5~10%の株安は正常な調整

 実際、2009年の景気後退(マイナス成長)は4-6月期まで続き、雇用統計の失業率が10%でピークをつけたのは同年10月でした。その後、米国経済は徐々に回復基調をたどり、堅調だった株価は2010年5月から7月にかけ調整場面を迎えました。

 その後は9月から年末高に向かい同年の高値を更新した市場実績がわかります。2011年、2012年、2013年も5月あるいは6月に株価波乱がみられましたが、相場はリスク(株価変動)を乗り越え堅調トレンドに回帰したことがわかります。
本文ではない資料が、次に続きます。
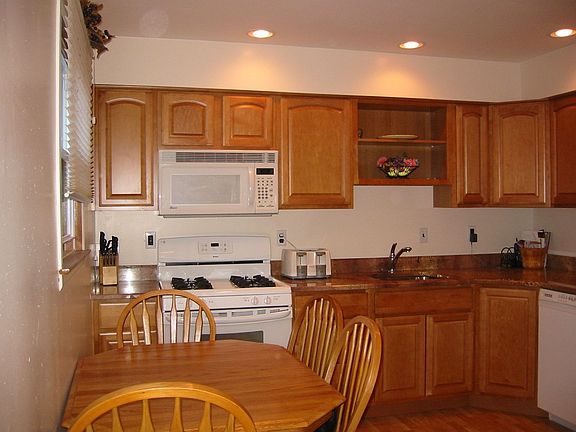 Beautiful kitchen/pergo flooring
 なお、当時のFRBが政策金利(現在と同様のゼロ金利:上限目標0.25%)を初めて引き上げたのは2015年12月でした。一方、2009年から2013年の長期金利(10年国債利回り)は1.5%から4.0%の範囲内で上下しました。

 株式市場は一本調子で上昇し続けるということはありません。株高が休みなく続けば、バブルが醸成されその反動も大きくなります。

 季節性にかかわらず、大小の株安を挟む相場が健全と考えられます。米国市場では直近高値から5~10%の株安は「ノーマル・コレクション」(正常な株価調整)とみなされます。

 株価調整と向き合うにあたっては、「リスクはリターンの源泉なり」(リスクがあってこその長期リターン)との基本を再認識して冷静に対応したいと思います。